(Dataset excerpts)
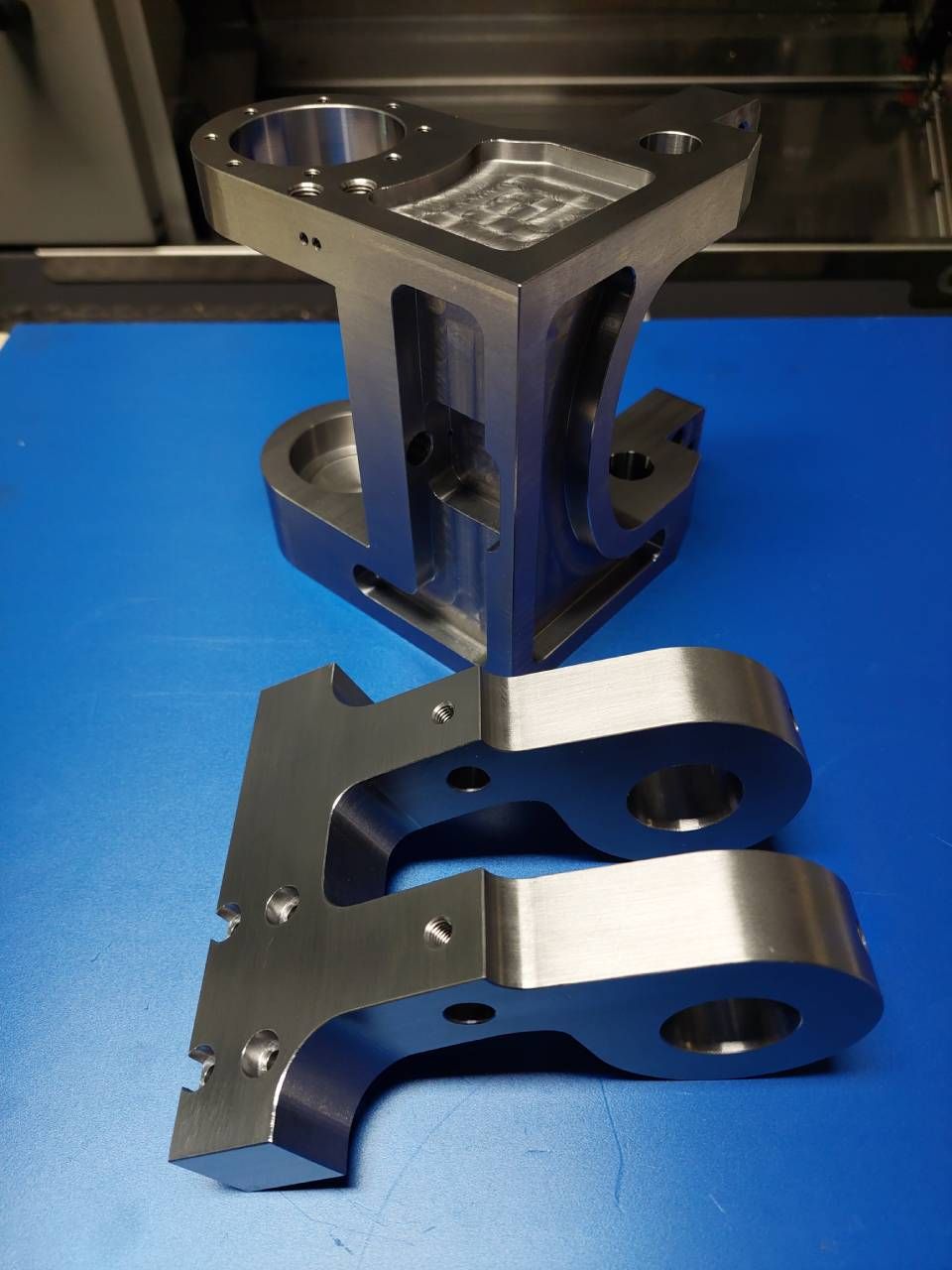 Drei bearbeitete Metallteile auf blauem Untergrund. Ein grösseres, zwei kleinere, alle mit Löchern und geometrischen Formen.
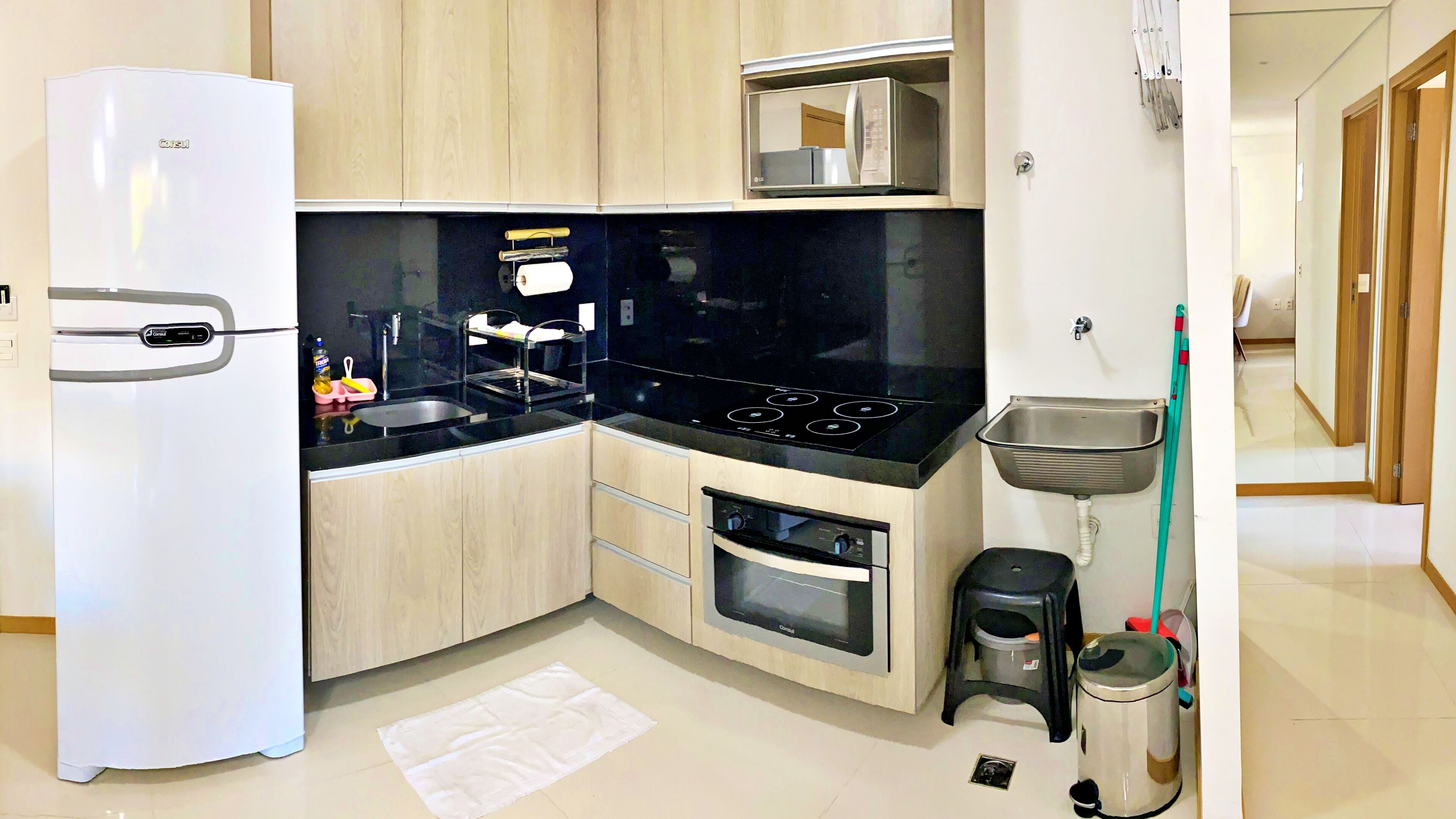 A modern kitchen with a refrigerator, stove, microwave, and oven.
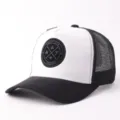 Zwarte en witte truckerpet met ademende mesh achterkant en zacht suèdelook voorpaneel. - Wit & Zwart Suède Ronde Zwarte Patch Mesh Pet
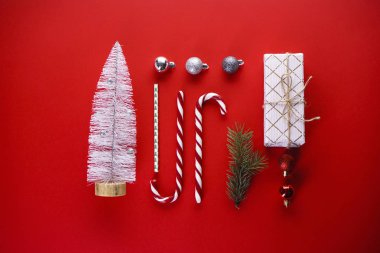 Noel kompozisyonu. Kırmızı arka planda Noel süsleri ve şekerlerin olduğu bir Noel kartı. Düz yatıyordu.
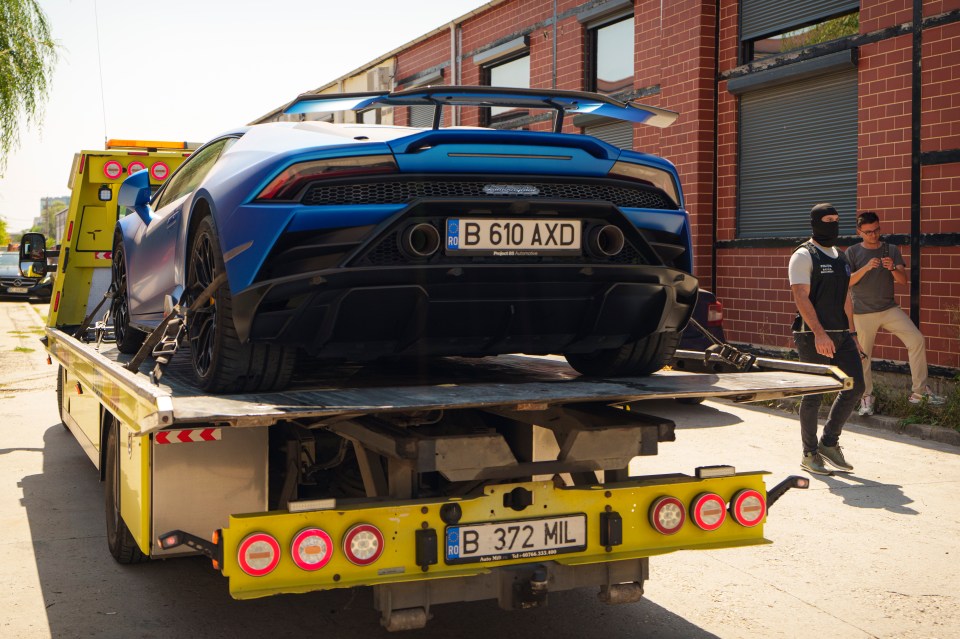 A masked police officer walks as a Lamborghini Huracan is removed by authorities from Andrew Tate’s residence on the outskirts of Bucharest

TASK TO CARRY OUT:
Copy out the entries exactly. No pictures.

YOUR SOLUTION:
 Drei bearbeitete Metallteile auf blauem Untergrund. Ein grösseres, zwei kleinere, alle mit Löchern und geometrischen Formen.
 A modern kitchen with a refrigerator, stove, microwave, and oven.
 Zwarte en witte truckerpet met ademende mesh achterkant en zacht suèdelook voorpaneel. - Wit & Zwart Suède Ronde Zwarte Patch Mesh Pet
 Noel kompozisyonu. Kırmızı arka planda Noel süsleri ve şekerlerin olduğu bir Noel kartı. Düz yatıyordu.
 A masked police officer walks as a Lamborghini Huracan is removed by authorities from Andrew Tate’s residence on the outskirts of Bucharest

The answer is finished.